ABOUT THIS TASK:
Output exactly, in the material below, the lines from the one with "Beach Tote Extra" through the one with "Brass-Plated Classic Temple". Omit all pictures.

EXERCISE DATA:
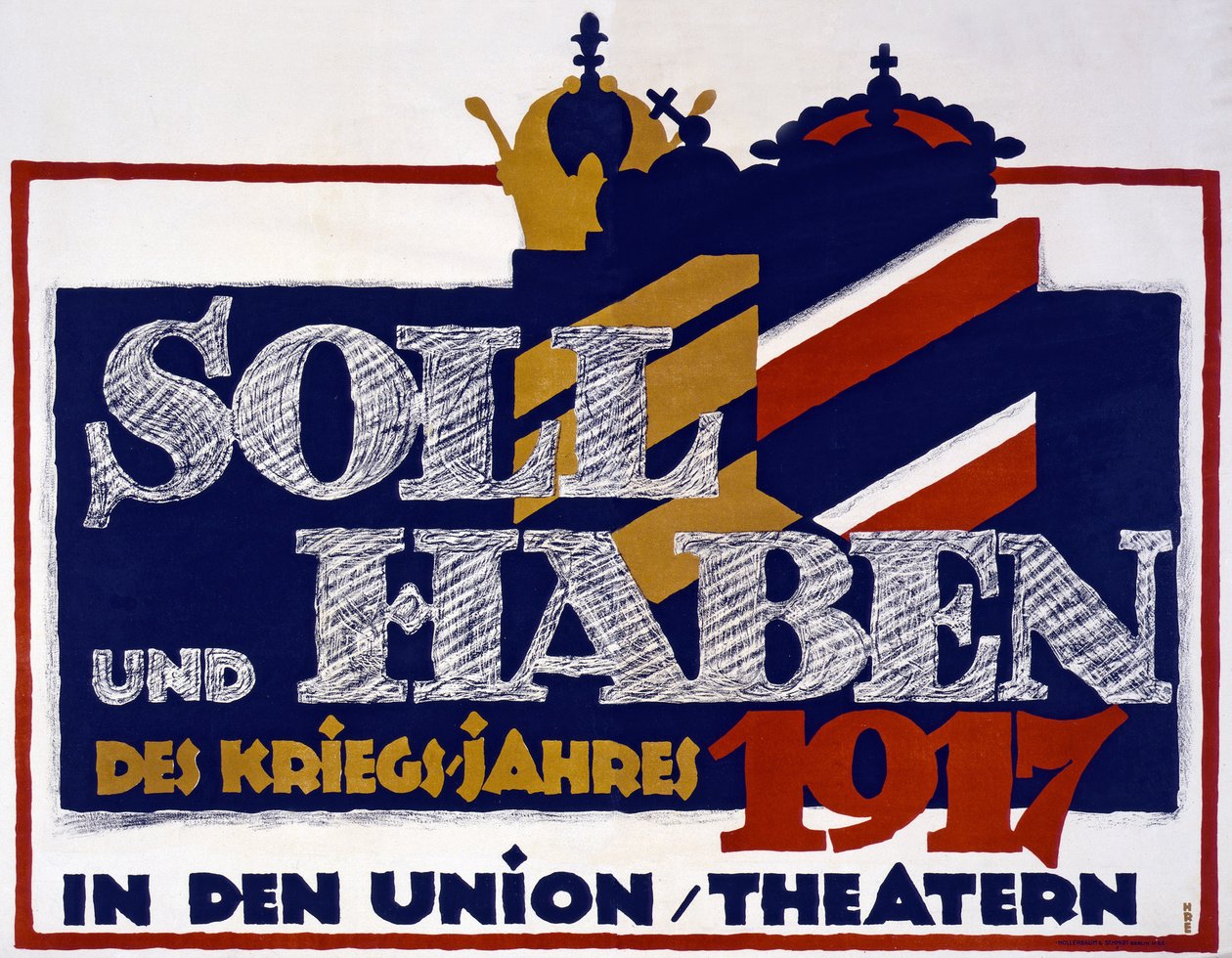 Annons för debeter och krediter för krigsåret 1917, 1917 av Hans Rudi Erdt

...

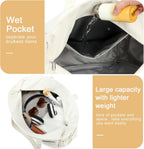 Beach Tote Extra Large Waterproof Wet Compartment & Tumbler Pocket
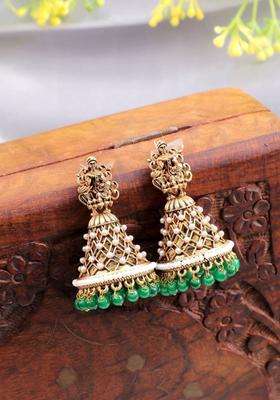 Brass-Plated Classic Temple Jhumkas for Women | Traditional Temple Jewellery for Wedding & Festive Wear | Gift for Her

SOLUTION TO THIS PROBLEM:
 Beach Tote Extra Large Waterproof Wet Compartment & Tumbler Pocket
 Brass-Plated Classic Temple Jhumkas for Women | Traditional Temple Jewellery for Wedding & Festive Wear | Gift for Her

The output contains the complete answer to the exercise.